In [2]:
import ML4PS as ml
import numpy as np
from matplotlib import pyplot as plt

# Choose dataset

In [3]:
data_dir = '../../data/case14'

# Defining a series of normalizing functions

The features contained in power systems objects may have very different orders of magnitude and display complex distributions with possibly multiple modes. For this reason, it is very important to build a series of functions that can convert those atypical distributions into something that looks more like a uniform law between $-1$ and $1$.

This normalization process is done by computing a piecewise linear approximation of the cumulative distribution function of each required feature.

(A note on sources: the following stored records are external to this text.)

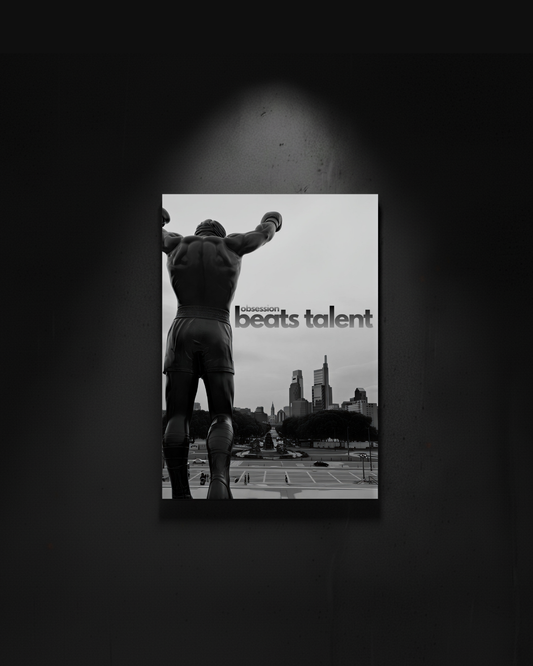 Rocky "Obsession beats talent"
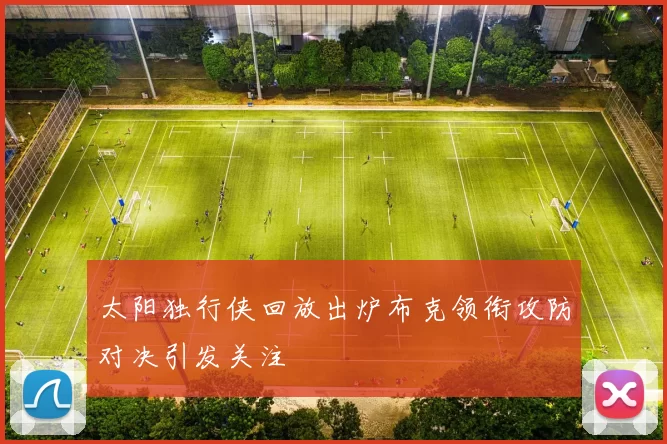 太阳独行侠回放出炉布克领衔攻防对决引发关注
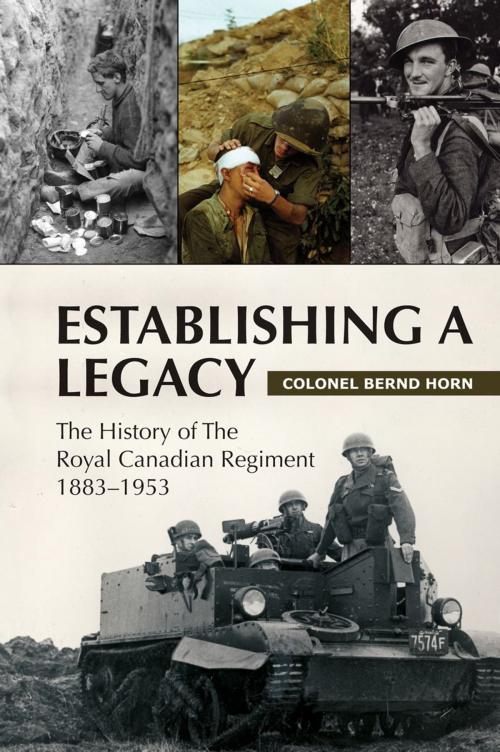 Cover of the book Establishing a Legacy by Colonel Bernd Horn, Dundurn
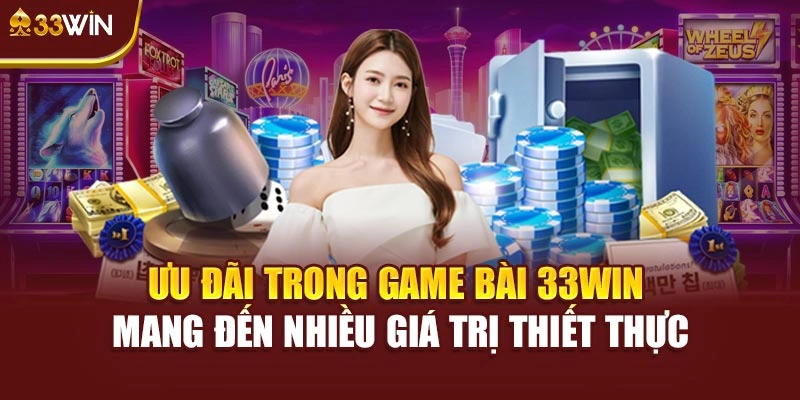 Ưu đãi trong game bài 33WIN mang đến nhiều giá trị thiết thực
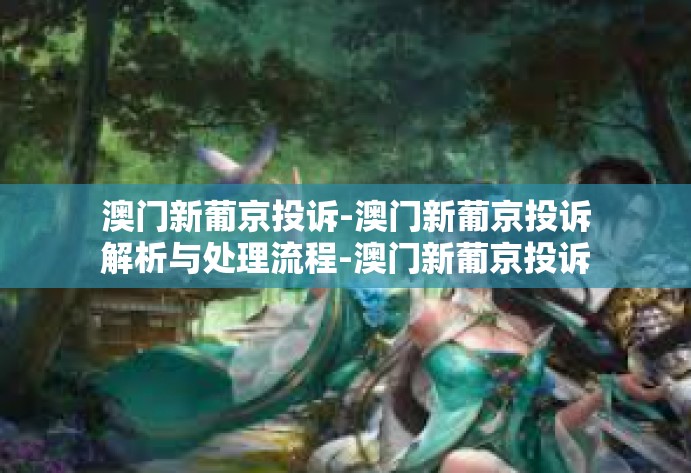 澳门新葡京投诉-澳门新葡京投诉解析与处理流程-澳门新葡京投诉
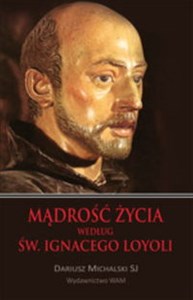 Picture of Mądrość życia według św. Ignacego Loyoli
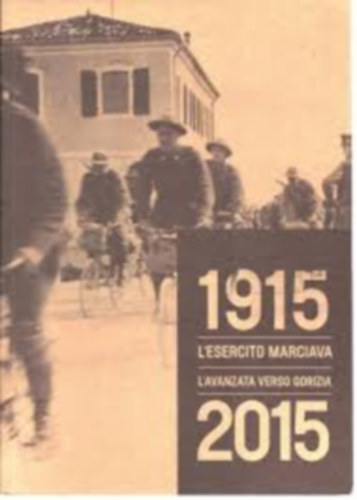 Bruno Pascoli - 1915 l'esercito marciava" L'avanzata verso Gorizia (Előrenyomulás Gorizia felé, olasz nyelvű kiadvány)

This estimation is performed by considering a subset of the trainset. This estimation does not need to be perfect, so it seems reasonable to estimate it over a reasonably small amount of samples (see option *amount_of_samples*).

In [4]:
normalizer = ml.Normalizer(data_dir = data_dir, backend_name = 'pandapower')
normalizer.save('normalizer.pkl')

Loading all the dataset: 100%|██████████████████| 50/50 [00:06<00:00,  7.44it/s]


# Defining an interface

In order to have our neural network learn, we have to pass it multiple batches of instances of power grids. The interface has three iterators (train, val and test) that can iterate over the whole dataset defined in *data_dir*, and return inputs $a$ and $x$ that will be read by the neural network, and a series of pypowsybl networks instances.

As some people may be interested in dealing with time series, we have included the possibility of considering rolling windows. The attribute *series_length* defines the time coherence of time series, while *time_window* defines the size of the time windows that the iterator should retrieve. The different snapshots of a time windows are aggregated by concatenating their respective features. By default, we consider that we are not interested in time series.

In [None]:
interface = ml.Interface(data_dir = data_dir,
    backend_name = 'pandapower', batch_size = 1)

In the following we propose to show what our data looks like. Notice that $a$ and $x$ are nested dictionnaries, whose values have a shape [n_batch, n_obj, time_window], where n_obj is the amount of objects of the considered class. $a$ contains addresses (integers), while $x$ contains features (float).

In [None]:
a, x, nets = next(iter(interface.train))
print("keys in a :{}".format(list(a.keys())))
print("keys in a['gen'] :{}".format(list(a['gen'].keys())))
print("values in a['gen']['name'] :{}".format(a['gen']['name']))
print("")
print("keys in x :{}".format(list(x.keys())))
print("keys in x['gen'] :{}".format(list(x['gen'].keys())))
print("values in x['gen']['p_mw'] :{}".format(x['gen']['p_mw']))